What this task involves: Write out every entry, unchanged. Skip any picture.

BEGIN Provided information

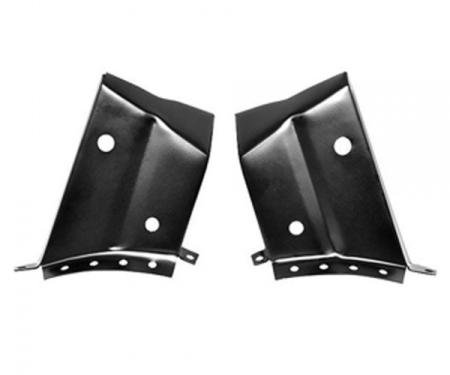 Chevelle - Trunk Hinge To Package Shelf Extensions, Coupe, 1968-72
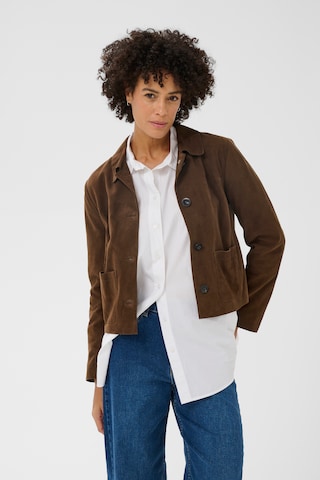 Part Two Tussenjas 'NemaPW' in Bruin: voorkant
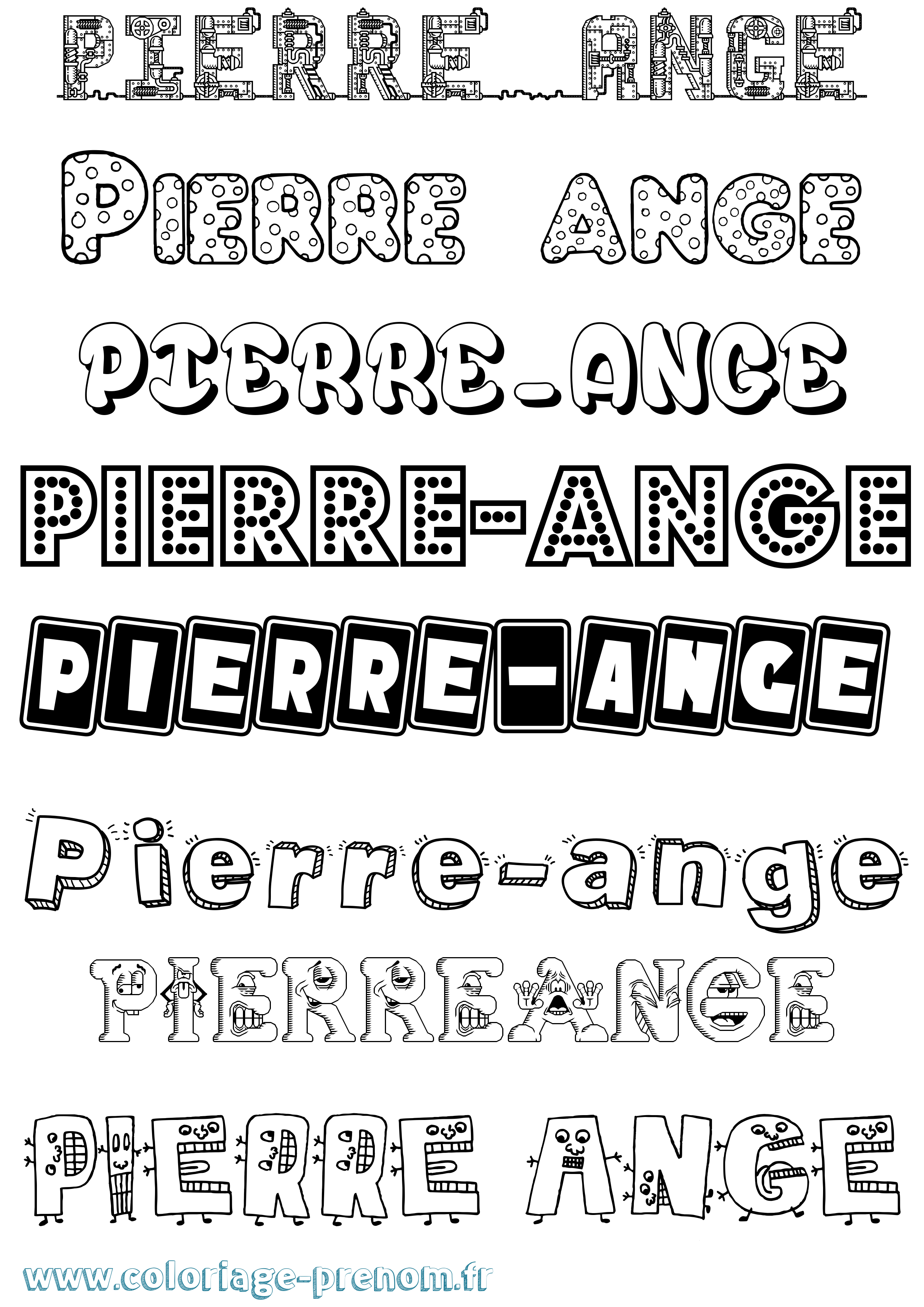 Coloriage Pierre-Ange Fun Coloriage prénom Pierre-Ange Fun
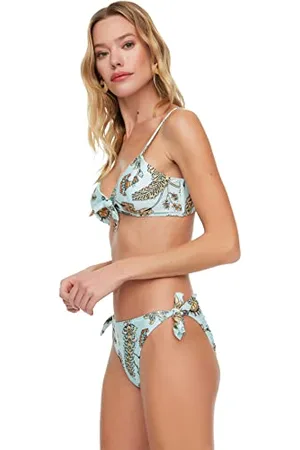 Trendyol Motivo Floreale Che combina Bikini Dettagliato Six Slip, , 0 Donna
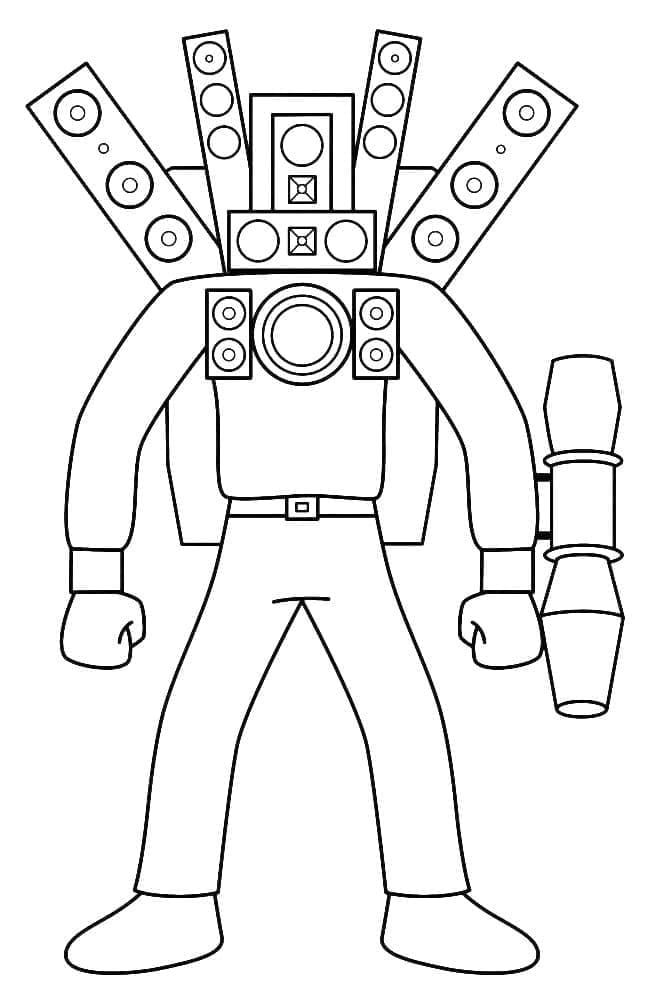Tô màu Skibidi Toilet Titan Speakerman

END Provided information

Solution below:
 Chevelle - Trunk Hinge To Package Shelf Extensions, Coupe, 1968-72
 Part Two Tussenjas 'NemaPW' in Bruin: voorkant
 Coloriage Pierre-Ange Fun Coloriage prénom Pierre-Ange Fun
 Trendyol Motivo Floreale Che combina Bikini Dettagliato Six Slip, , 0 Donna
Tô màu Skibidi Toilet Titan Speakerman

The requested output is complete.